LeetCode 533: Lonely Pixel II

Problem Restatement

We are given an m x n picture.

Each cell is either:

We are also given an integer target.

We need to count black pixels located at some position (r, c) such that both rules are true:

1. Row r contains exactly target black pixels, and column c also contains exactly target black pixels.
2. Every row that has a black pixel in column c must be exactly the same as row r.

So this problem is stricter than Lonely Pixel I. A pixel is not enough by itself. Its whole row pattern matters too. The official condition says rows with a black pixel in the same column must be identical to the candidate row.

Input and Output

Function shape:

def findBlackPixel(picture: list[list[str]], target: int) -> int:
    ...

Examples

Consider:

picture = [
    ["W", "B", "W", "B", "B", "W"],
    ["W", "B", "W", "B", "B", "W"],
    ["W", "B", "W", "B", "B", "W"],
    ["W", "W", "B", "W", "B", "W"],
]
target = 3

Rows 0, 1, and 2 are identical:

["W", "B", "W", "B", "B", "W"]

Each of those rows has exactly 3 black pixels.

Column 1 has black pixels in rows 0, 1, and 2, so it has exactly 3 black pixels. These rows are all identical.

Therefore, the three black pixels in column 1 are valid.

Column 3 also has black pixels in rows 0, 1, and 2, so it contributes another 3 valid pixels.

The answer is:

6

Column 4 also has black pixels, but it includes row 3, whose row pattern is different.
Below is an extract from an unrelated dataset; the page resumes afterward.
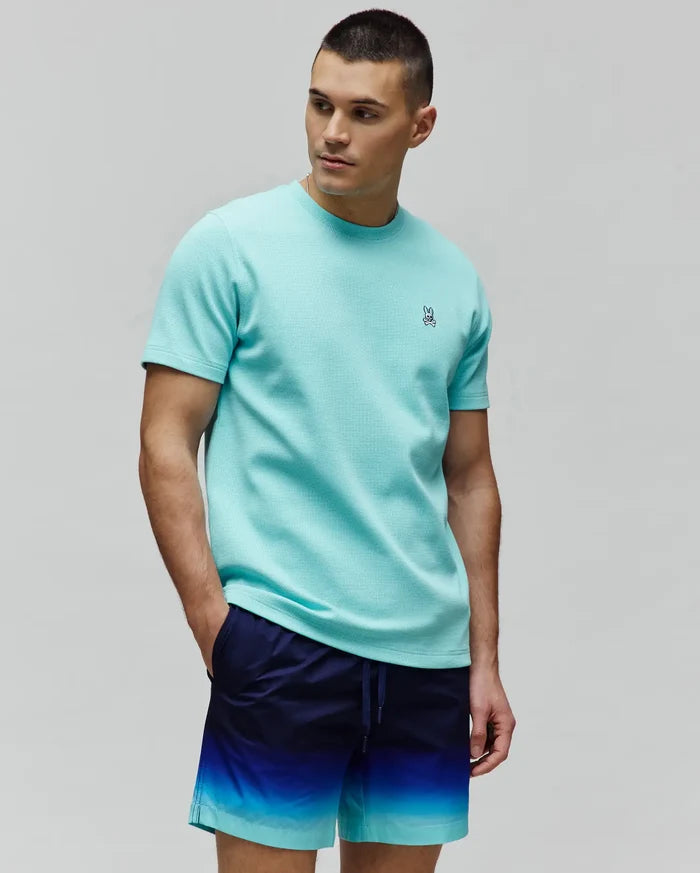 Mens Maxton Waffle Tee in aqua, featuring a classic fit and textured waffle knit fabric with a small, embroidered Psycho Bunny skull logo on the left chest.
So pixels in column 4 do not all satisfy the row-equality rule.

First Thought: Check Every Black Pixel

A direct solution is to inspect every black pixel (r, c).

For each black pixel:

1. Count black pixels in row r.
2. Count black pixels in column c.
3. Look at every row that has "B" in column c.
4. Check whether all those rows equal row r.

This works, but it repeats the same row and column counting many times.
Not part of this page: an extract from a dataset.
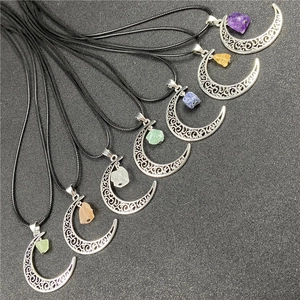 Macro detail of various crescent moon pendants with raw amethyst and quartz stones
The matrix can have up to hundreds of rows and columns, so repeated full scans are unnecessary.

Key Insight

For a black pixel (r, c) to be valid, four facts must hold:

row_count[r] == target

col_count[c] == target

picture[r][c] == "B"

and the row pattern of r must appear exactly target times.

Why does row-pattern frequency help?

Suppose row r has "B" at column c, column c has exactly target black pixels, and row r’s pattern appears exactly target times.

If the row pattern has "B" at column c, then every identical copy of this row also has "B" at column c.

There are exactly target copies of the row pattern, and column c has exactly target black pixels. Therefore, the rows with black pixels in column c must be exactly those identical rows.

That satisfies the second rule.

So we can solve the problem by counting:

1. Number of black pixels in each row.
2. Number of black pixels in each column.
3. Frequency of each full row pattern.

Algorithm

First pass over the picture:

1. Convert each row into a string.
2. Count black pixels in each row.
3. Count black pixels in each column.
4. Count how many times each row string appears.

Second pass over the picture:

For every black pixel (r, c), count it if:

row_count[r] == target

col_count[c] == target

row_frequency[row_string[r]] == target

Return the total count.

Correctness

The first pass computes exact row black counts, column black counts, and row-pattern frequencies.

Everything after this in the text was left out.